Alors que l’euphorie est encore présente dans les familles au sein desquelles les enfants ont décroché leurs examens, notamment le Brevet d’étude du premier cycle (BEPC) dont les résultats sont tombés le samedi dernier, des voix se lèvent déjà pour dénoncer les fraudes qui viennent augmenter les taux de réussite et flouer le niveau scolaire au Gabon.
Sur les 2 309 candidats ayant passé cet examen dans les deux centres du lycée national Léon Mba, 1 007 l’ont décroché. Le premier centre du lycée national Léon Mba a enregistré 1 800 inscrits pour 1 608 présents. Les résultats y donnent 568 admis dont 7 avec mention assez bien. Le pourcentage de réussite s’élève donc à 35,32%. Ce sont donc au final 1 040 candidats qui ont été recalés dans ce centre. Sur les 509 candidats inscrits au second centre, 439 ont été admis soit 86,25% et 70 recalés.
Même si ces résultats ne sont pas vraiment reluisants, on peut dire, selon les échos, que la fraude en est tributaire pour une grosse part. A titre d’exemple, dans un centre d’examen du BEPC à Libreville, un inspecteur a dû demander une double correction pour les épreuves de mathématiques. Son attention a en effet été attirée par des copies qui lui paraissaient identiques. Vérifications faites, des dizaines de copies avaient été rédigées avec le même stylo, comportaient les même erreurs et avaient des notes fluctuants entre 15 et 16 sur 20. Elles ont à l’évidence été rédigées par la même personne.
Selon les témoins de cette affaire invraisemblable, le secrétariat de ce centre a été saisi et s’est arrangé pour que cette histoire passe sous silence. Une histoire de “grosses légumes” qui auraient payé des enseignants pour qu’ils changent les copies de leurs protégés. Et, on ne compte pas les élèves qui ont réussi à tricher sans que les examinateurs ne puissent s’en apercevoir.

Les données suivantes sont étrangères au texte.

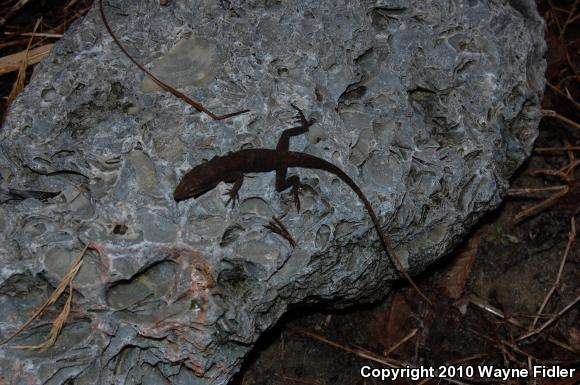 Northern Green Anole (Anolis carolinensis carolinensis)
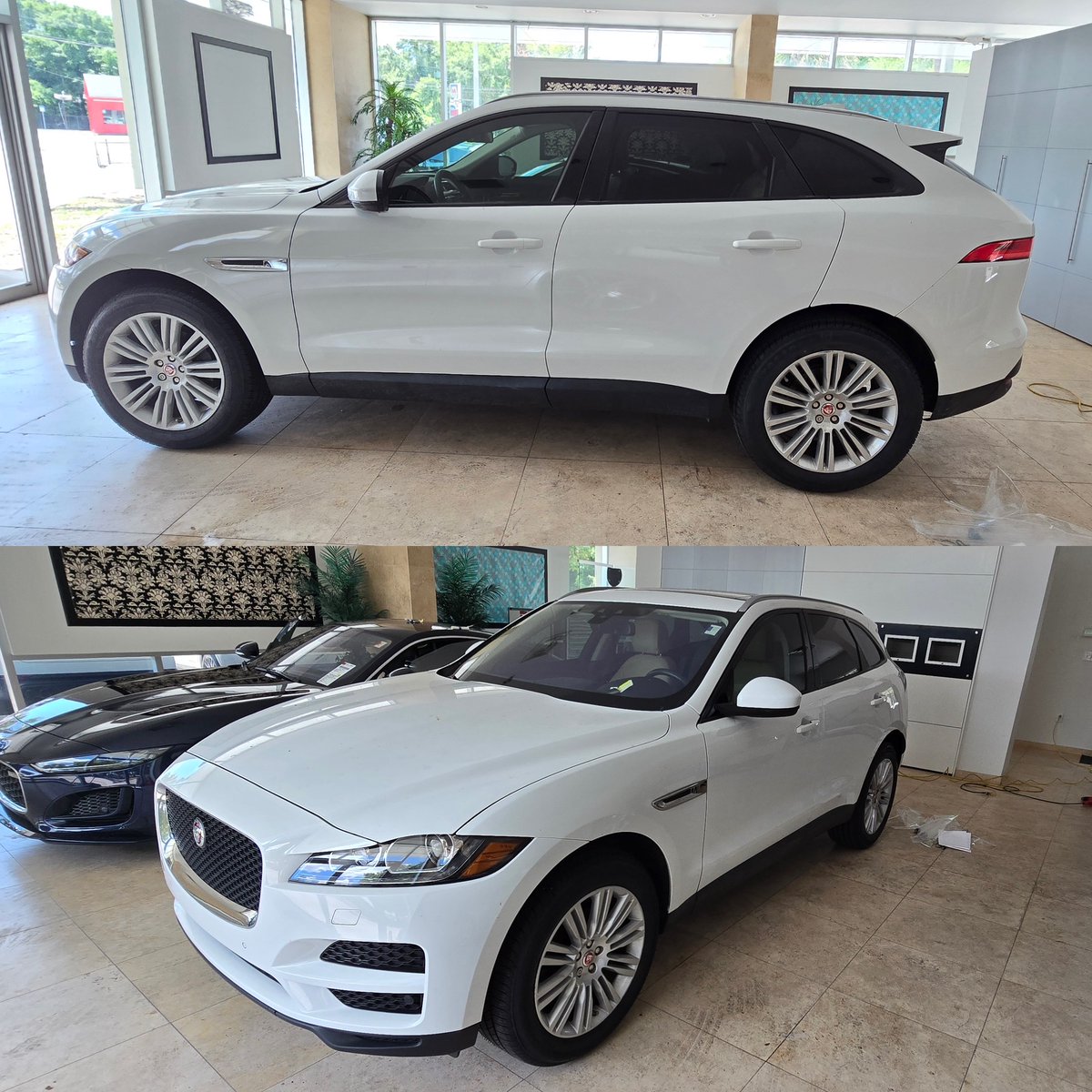 Bay Area Film Solutions tweet media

Pour le baccalauréat, même si l’on est encore au niveau des corrections, on crie déjà, là aussi, à la fraude. Dans certains centres d’examen, on a attrapé des élèves avec les épreuves corrigées tout comme on a constaté des grappes humaines devant les photocopieurs avant certaines épreuves. Visiblement il y a eu des fuites et certains élèves étaient déjà en possession des sujets et même des corrections avant les examens.
Conséquence, les diplômes gabonais vont continuer à subir le mépris des centres universitaires étrangers comme par le passé. Or, après les états généraux de l’éducation et de l’enseignement supérieur, tout devrait être mis en œuvre pour contrer ces indélicats qui transforment les examens en «période des affaires». On se souvient de la récente sortie de Jean Eyene Bekale, directeur général des examens et concours, qui affirmait il y a quelques jours (voir ici) : «Les sujets sont sécurisés de telle sorte que même ceux qui les proposent ne savent pas l’épreuve qui a été choisie, ce qui n’était pas le cas dans le passé. S’il y a fuite, la direction générale des examens et concours sera la seule responsable». Il semble que des grains de sables se soient glissés dans la machine.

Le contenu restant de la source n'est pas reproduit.